§ **Assignment**
Skipping all pictures, print exactly the lines below from the one with "Patio Chairs Outdoor" through the final line.

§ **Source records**
================

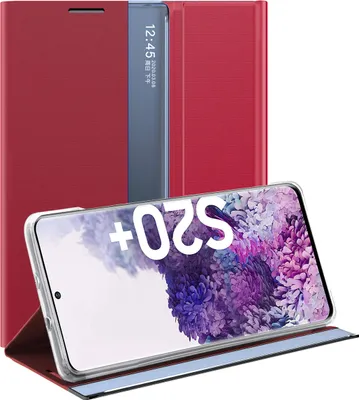 Image de Galaxy S20 Plus Case, Slim Flip Leather Case with Window and Stand for Samsung Galaxy S20 Plus red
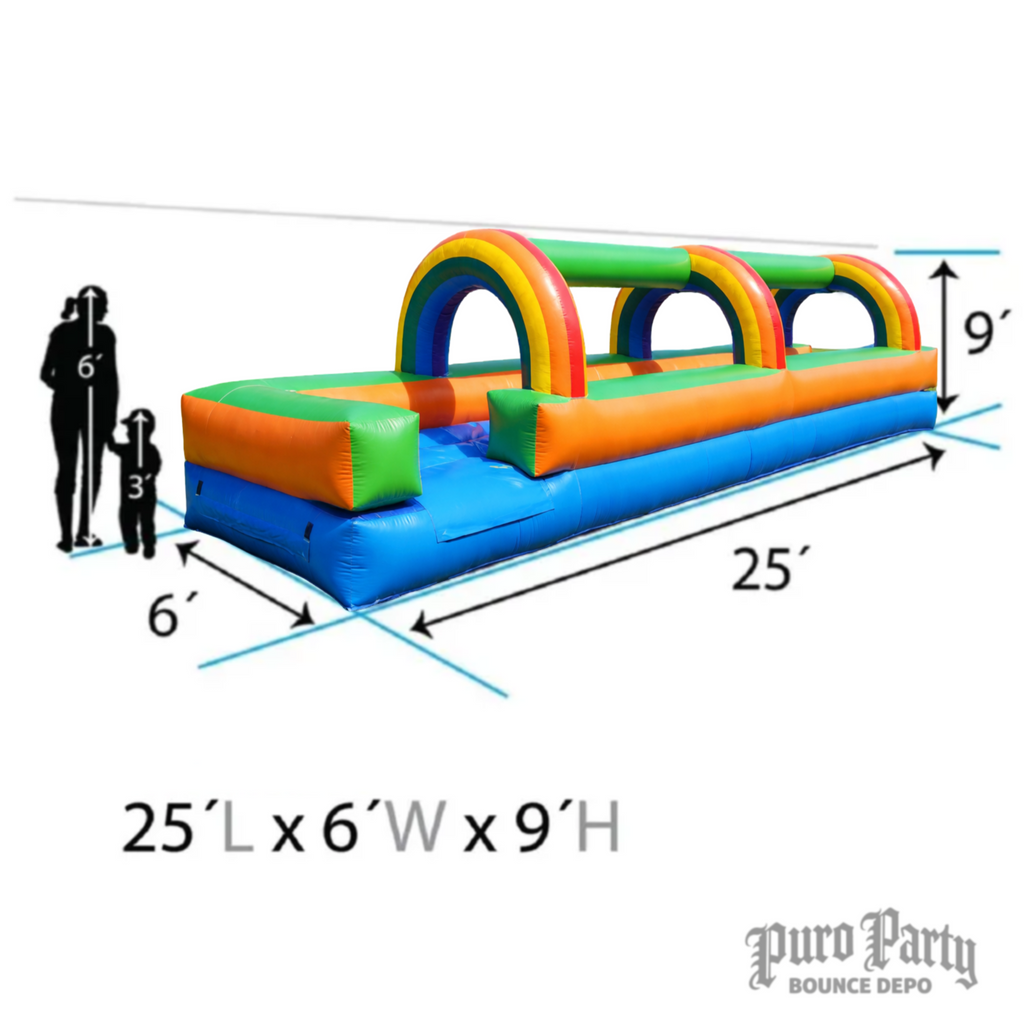 25' Rainbow Inflatable Splash and Ride Waterslide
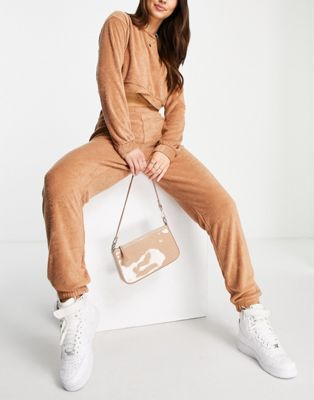 Missguided towelling jogger and cropped sweatshirt two piece set in brown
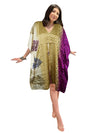Women’s Boho Chic Golden Dot Kaftan – Recycled Silk Lounge Dress, Elegant Housedress L-2X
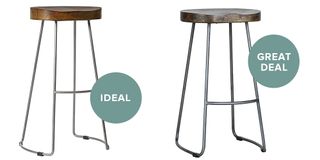 bar stool with rustic wood and metal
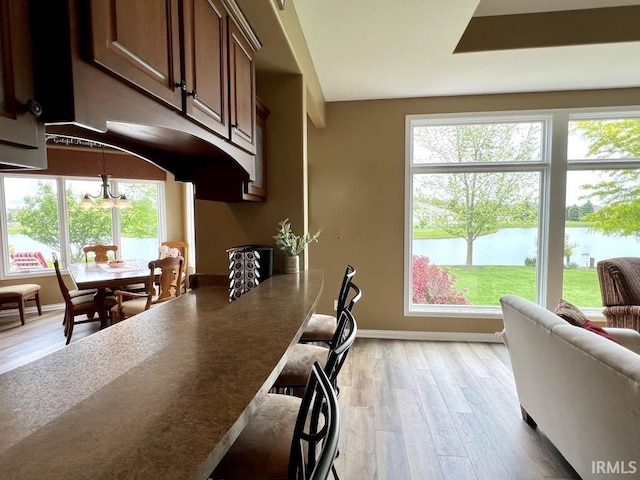 1442 Centerbrook Dr, New Haven, IN 46774 - dining area with light wood-style floors, baseboards, a chandelier, and a water view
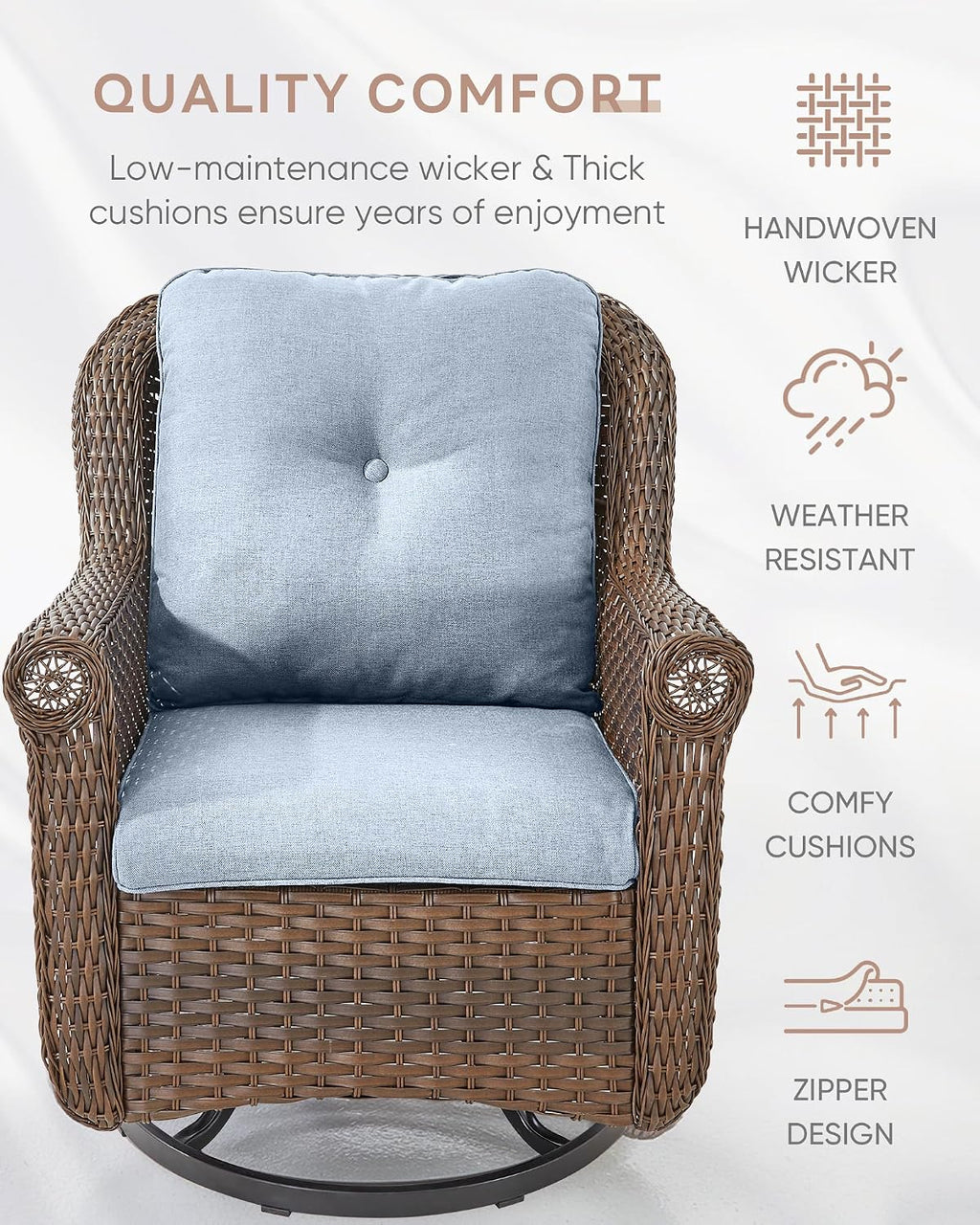 Patio Chairs Outdoor Swivel Glider - Set of 2 High Back Outside Brown Wicker Rattan Rocking Chair with Thick Cushion for Porch Apartment Deck Yard Poolside Garden - Baby Blue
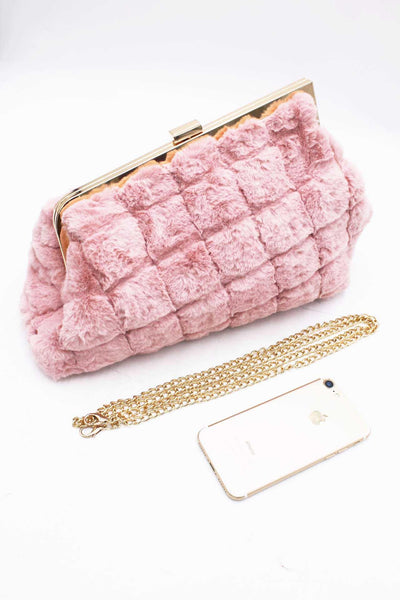 Fluffy - пухкав клъч - розов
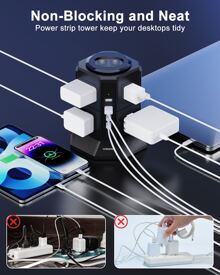 12-In-1 Tower Power Strips With Surge Protection 1080J, 8 Outlets With 4 USB Ports (2 USB C), 6.5 Long Extension Cord With Multiple Outlets 1250W/10A Flat Plug Power Strip Protector - Xem 6
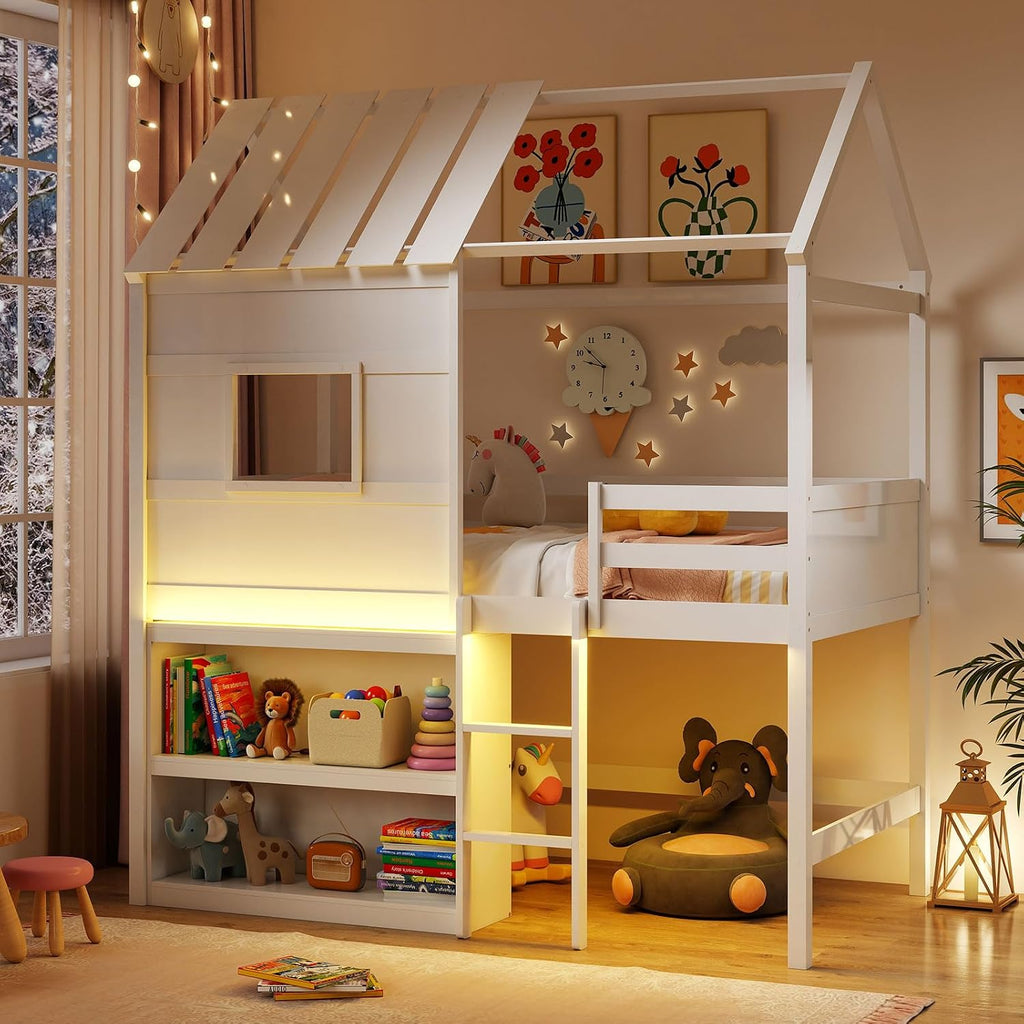 Giantex Twin Size House Loft Bed, Low Loft Bed with Roof, Window, LED Lights & Storage Bookshelf, Solid Wood Bedframe w/Ladder, Safety Guardrail, Under-Bed Play Space for Kids Boys Girls, White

================

§ **Solved exercise**
 Patio Chairs Outdoor Swivel Glider - Set of 2 High Back Outside Brown Wicker Rattan Rocking Chair with Thick Cushion for Porch Apartment Deck Yard Poolside Garden - Baby Blue
 Fluffy - пухкав клъч - розов
 12-In-1 Tower Power Strips With Surge Protection 1080J, 8 Outlets With 4 USB Ports (2 USB C), 6.5 Long Extension Cord With Multiple Outlets 1250W/10A Flat Plug Power Strip Protector - Xem 6
 Giantex Twin Size House Loft Bed, Low Loft Bed with Roof, Window, LED Lights & Storage Bookshelf, Solid Wood Bedframe w/Ladder, Safety Guardrail, Under-Bed Play Space for Kids Boys Girls, White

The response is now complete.